Let the point $D$ falls on the circle be $D'$ . Then $ABCD'$ is a cyclic quadrilateral and $\angle AD'C + \angle ABC = 180^\circ$ . $\implies \angle AD'C =$ $180^\circ - \angle ABC =$ $180^\circ - 120^\circ =$ $60^\circ$ . Then the original $\angle ADC =$ $\dfrac {\angle AD'C}3 =$ $\dfrac {60^\circ}3 =$ $20^\circ$ .

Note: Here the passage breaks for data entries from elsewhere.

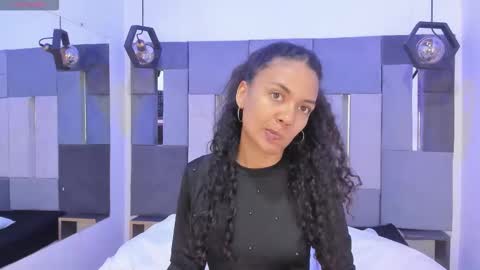 Victoria  online show from 02/01/26, 07:45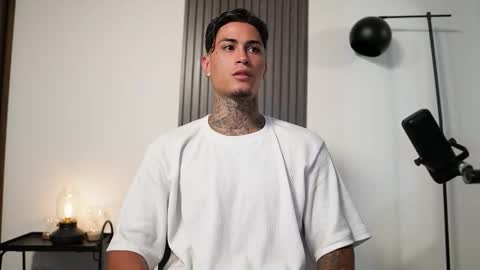 Agustin online show from 8, 10, 2025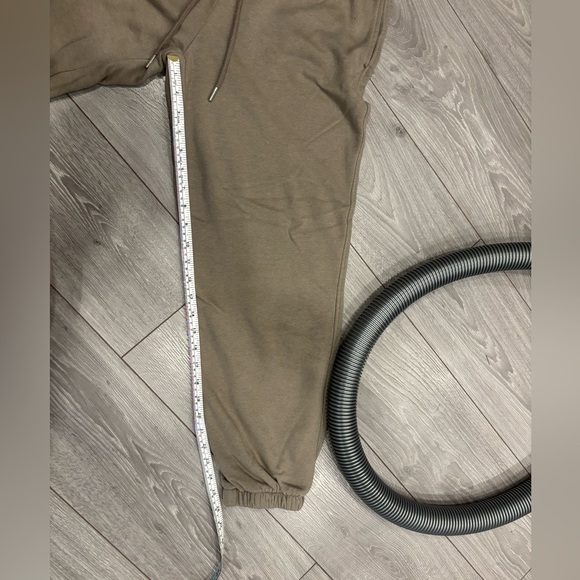 H&M Basics Brown Track Pant - Picture 9 of 10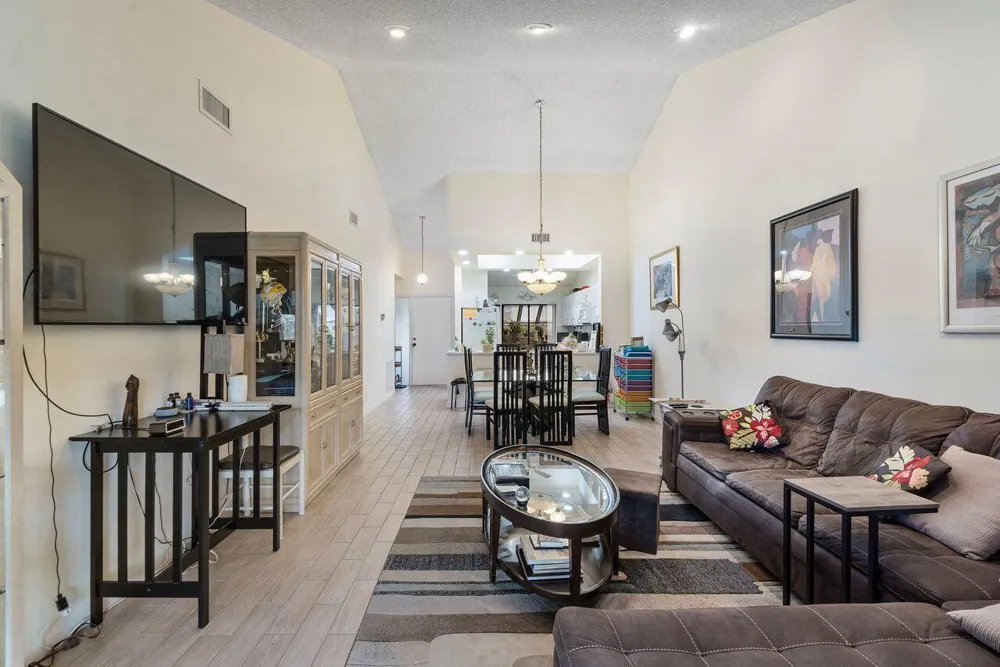 10900 Waterberry Court Boca Raton, FL 33498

Now, let the orginal $\angle DCB = \theta$ . Since the sum of internal angles is $360^\circ$ , $\angle DAB =$ $360^\circ - \angle ABC - \angle BCD - \angle ADC =$ $360^\circ - 120^\circ - \theta - 20^\circ =$ $220^\circ - \theta$ . When $\angle ADC$ decreases to $\angle AD'C$ by $x^\circ$ . Then $\angle AD'C + \angle DAB =$ $\theta - x + 220^\circ - \theta =$ $180^\circ$ $\implies x =$ $\boxed{40}^\circ$ .

for quadrilateral inscribed inside a circle, opposite angles sum up to 180 degree. So, final value of < ADC is 60 degree and so, initial <ADC is 20 degree. Now, initial <ADC + x = final <ADC. so, x= 40.